Partially available/unavailable data in requested range

Message ID 53593996.2020806@redhat.com
State Not applicable
Headers

Commit Message

Pedro Alves April 24, 2014, 4:19 p.m. UTC
  On 04/20/2014 01:48 PM, Yao Qi wrote:

> (gdb) p s
> $1 = {a = 0, b = <unavailable>, s1 = {s3 = {g = 0, h = <unavailable>}, d = 0}, s2 = {e = <unavailable>, f = 0}}
> 
> I don't add a test case for it because mi-available-children-only.exp
> will cover it.

It'd be best if unavailable.cc/unavailable.exp covers this scenario
as well.  It's meant to be complete in this sort of partial
collection stuff.  Could you do that, please ?

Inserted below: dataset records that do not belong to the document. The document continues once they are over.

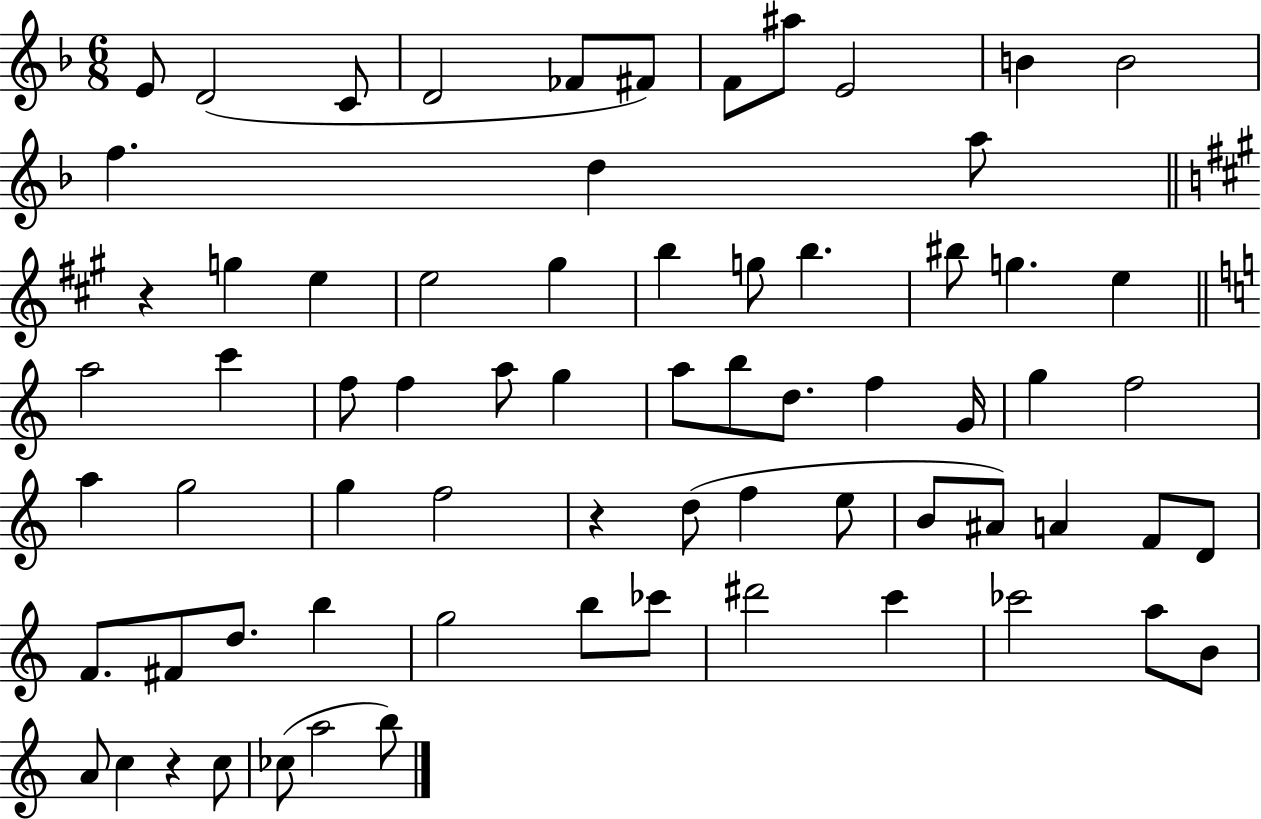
{
  \clef treble
  \numericTimeSignature
  \time 6/8
  \key f \major
  \repeat volta 2 { e'8 d'2( c'8 | d'2 fes'8 fis'8) | f'8 ais''8 e'2 | b'4 b'2 | \break f''4. d''4 a''8 | \bar "||" \break \key a \major r4 g''4 e''4 | e''2 gis''4 | b''4 g''8 b''4. | bis''8 g''4. e''4 | \break \bar "||" \break \key c \major a''2 c'''4 | f''8 f''4 a''8 g''4 | a''8 b''8 d''8. f''4 g'16 | g''4 f''2 | \break a''4 g''2 | g''4 f''2 | r4 d''8( f''4 e''8 | b'8 ais'8) a'4 f'8 d'8 | \break f'8. fis'8 d''8. b''4 | g''2 b''8 ces'''8 | dis'''2 c'''4 | ces'''2 a''8 b'8 | \break a'8 c''4 r4 c''8 | ces''8( a''2 b''8) | } \bar "|."
}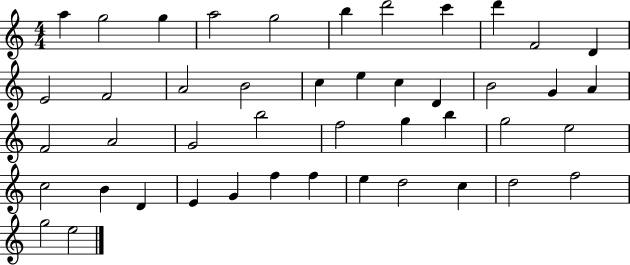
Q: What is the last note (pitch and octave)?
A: E5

> +      /* There should be at least one block within desired range, and
> +	 range [OFFSET, MIN_ADDR_AVAILABLE) is unavailable.  Tell
> +	 caller about it and caller will request memory from
> +	 MIN_ADDR_AVAILABLE.  */
> +      if (offset < min_addr_available)
> +	{
> +	  *xfered_len = min_addr_available - offset;
> +	  return TARGET_XFER_UNAVAILABLE;
> +	}

I find the comment above confusing and hard to grok.  :-/

- "There should be" sounds like an assertion, which this is not.

- Comments that assume the condition is true are better place
_within_ the then block.  Comments that appear before
the condition usually are more naturally of the 

/* if $human-understandable-version-of-the-condition then
   do something.  */

form.

- A few "the"'s are missing.

So I think this would be much clearer:

      if (offset < min_addr_available)
	{
	  /* There's at least one block containing the desired range
	     but the range [OFFSET, MIN_ADDR_AVAILABLE) is
	     unavailable.  Return that and GDB will re-request memory
	     starting at MIN_ADDR_AVAILABLE.  */
	  *xfered_len = min_addr_available - offset;
	  return TARGET_XFER_UNAVAILABLE;
	}


But, looking deeper, I don't think the patch is correct, actually.

Even if the range [OFFSET, MIN_ADDR_AVAILABLE) is
not unavailable in the context of traceframes, that
range might fall within a read-only section, so we should
still try falling back to reading from the executable file.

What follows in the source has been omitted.